━━━ AVAILABLE RECORDS

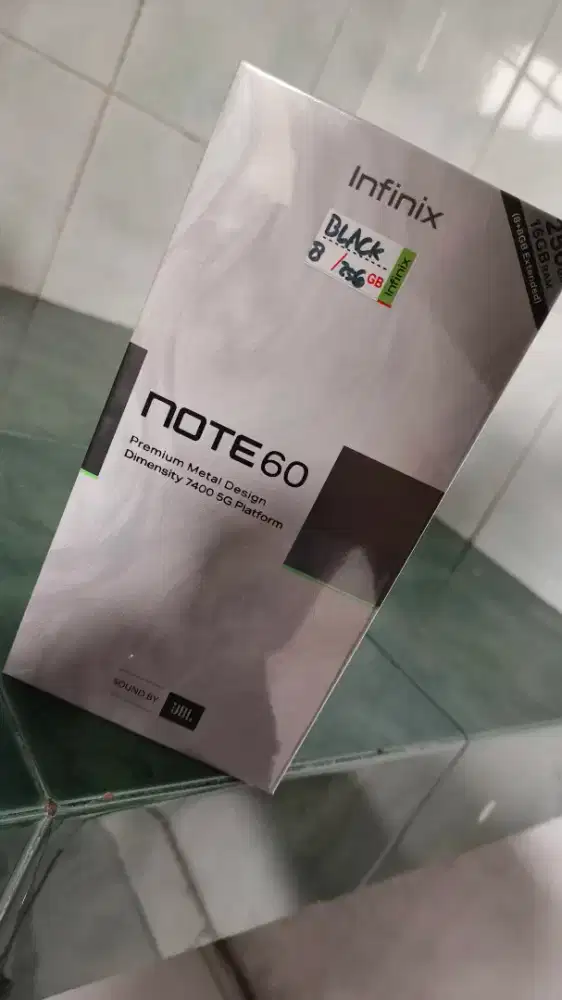 Infinix NOTE 60 8/256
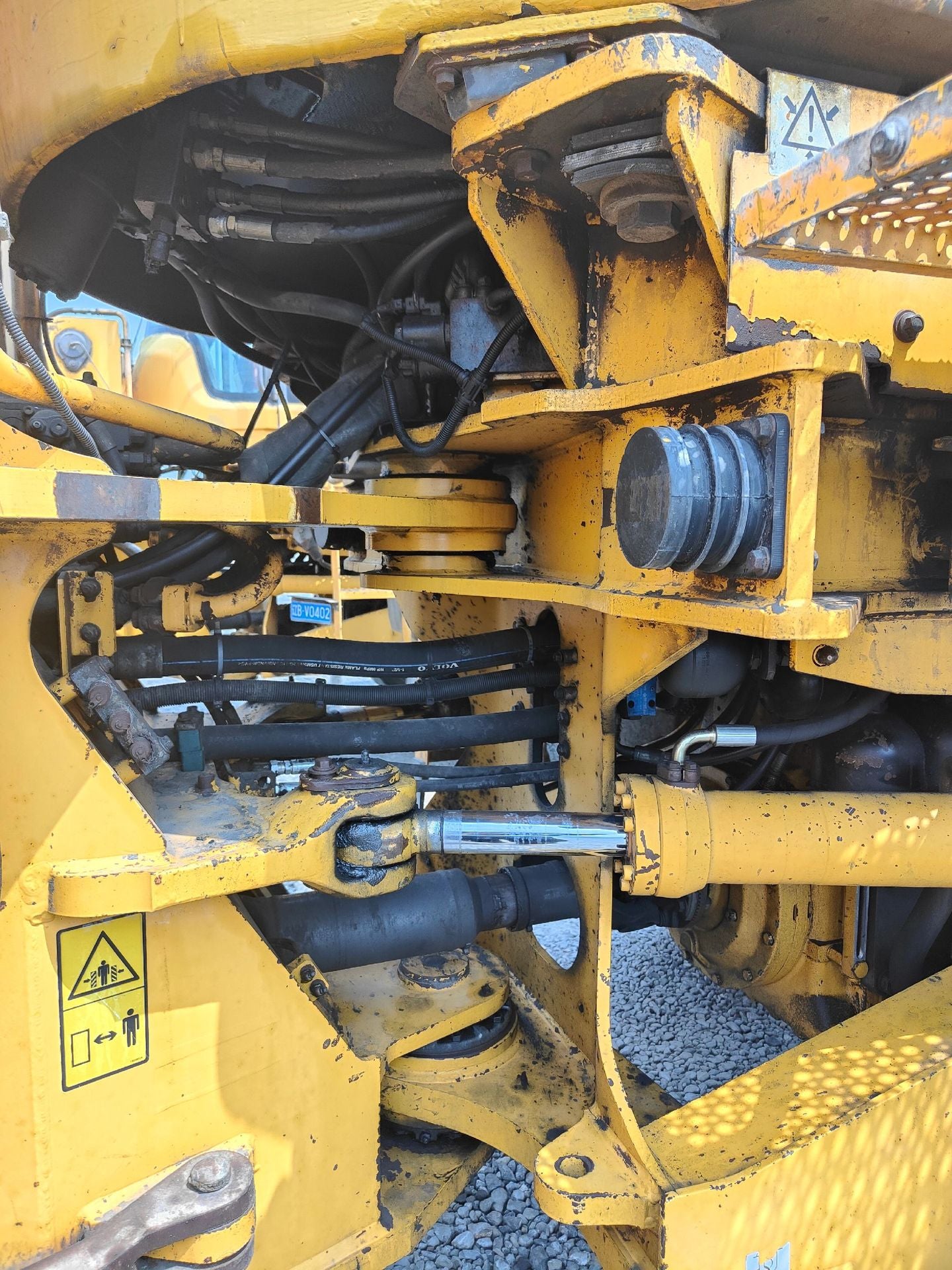 Used Volvo L150F Wheel Loader for Sale detail view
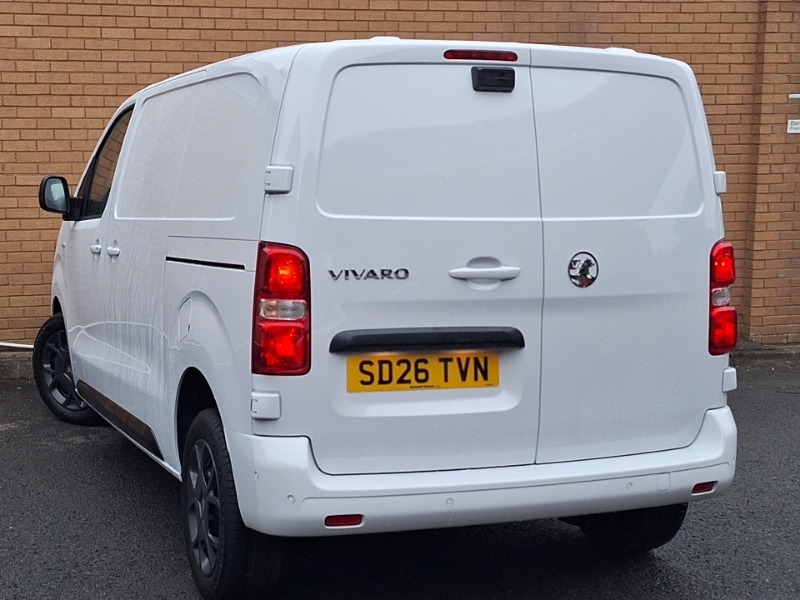 Vauxhall Vivaro 1.5 Turbo D 120 Pro H1 Van White #2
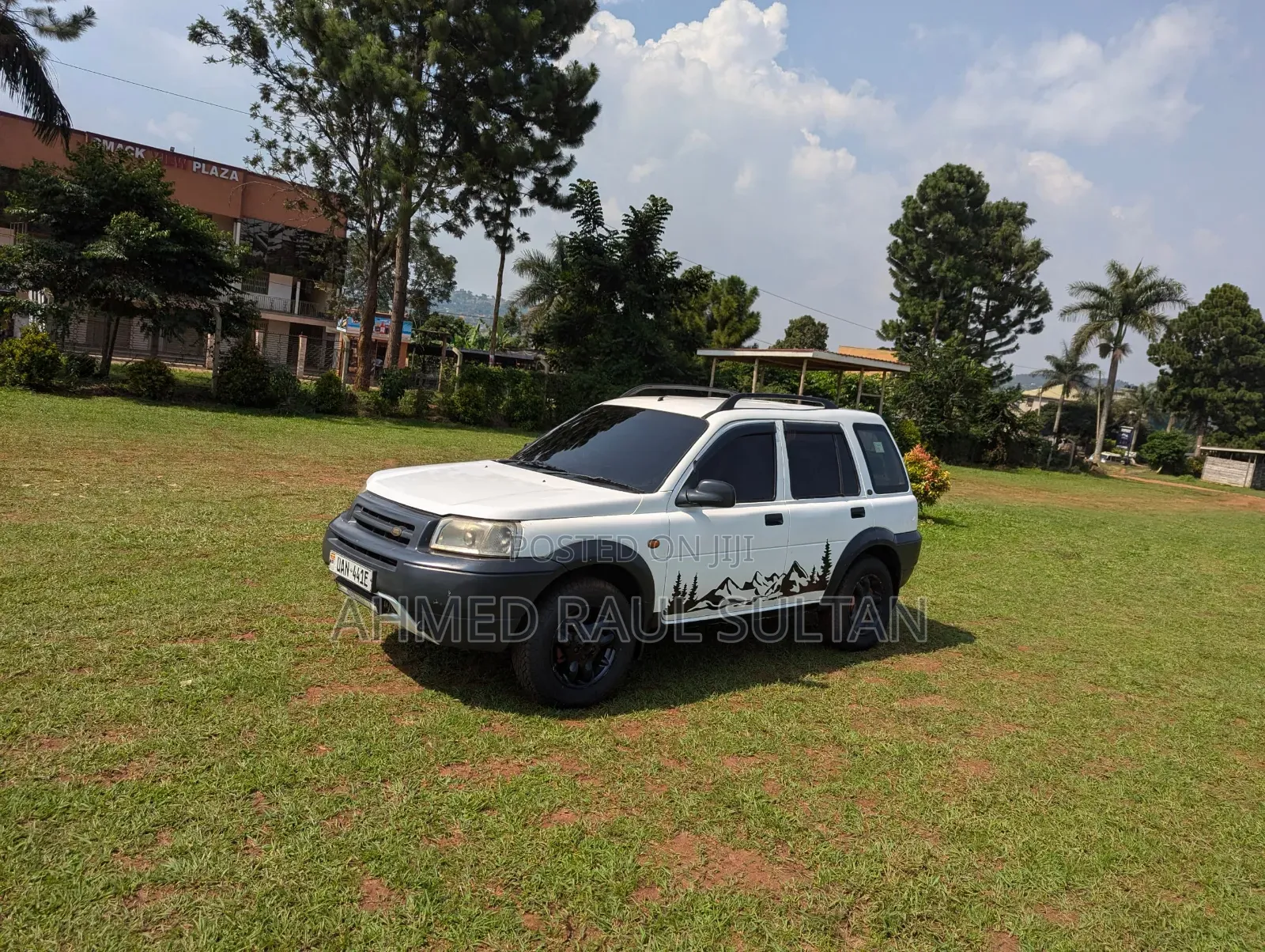 Land Rover Freelander 2001 White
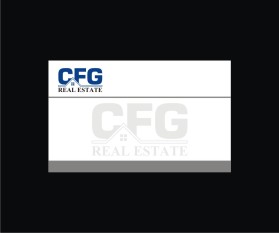 Business Card & Stationery Design Entry 1264091 submitted by donang to the contest for CFG Real Estate run by CFGREIT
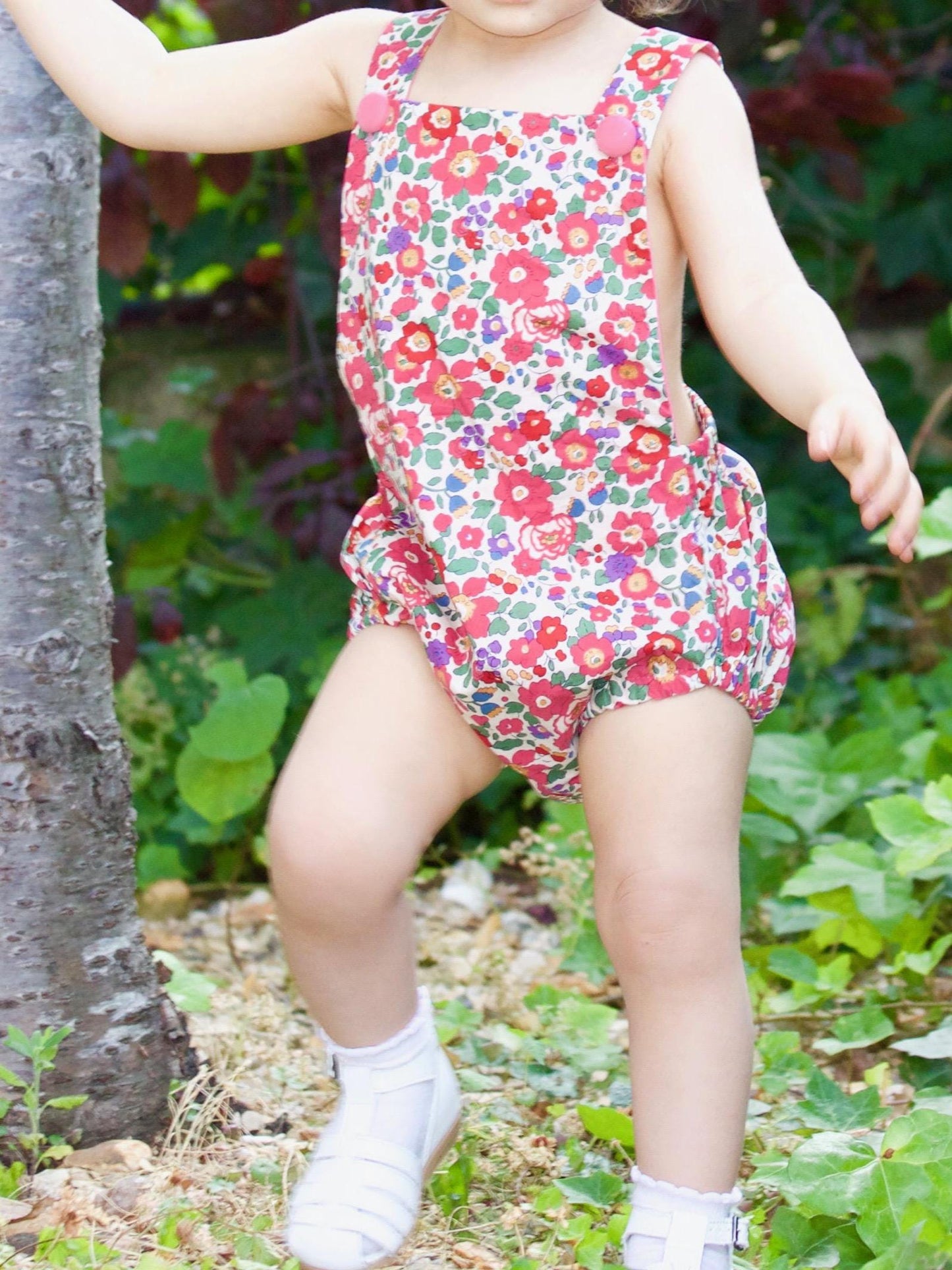 Liberty Baby Bubble, Liberty Baby Clothing, Liberty Bubble Romper, Liberty of London, Liberty Print Romper, First Birthday, Liberty Bloomer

━━━━━━

- WHAT IS NEEDED: The entries are to be copied exactly, and each image is to be omitted.

- SOLUTION TO THE PROBLEM:
 Infinix NOTE 60 8/256
 Used Volvo L150F Wheel Loader for Sale detail view
 Vauxhall Vivaro 1.5 Turbo D 120 Pro H1 Van White #2
 Land Rover Freelander 2001 White
 Business Card & Stationery Design Entry 1264091 submitted by donang to the contest for CFG Real Estate run by CFGREIT
 Liberty Baby Bubble, Liberty Baby Clothing, Liberty Bubble Romper, Liberty of London, Liberty Print Romper, First Birthday, Liberty Bloomer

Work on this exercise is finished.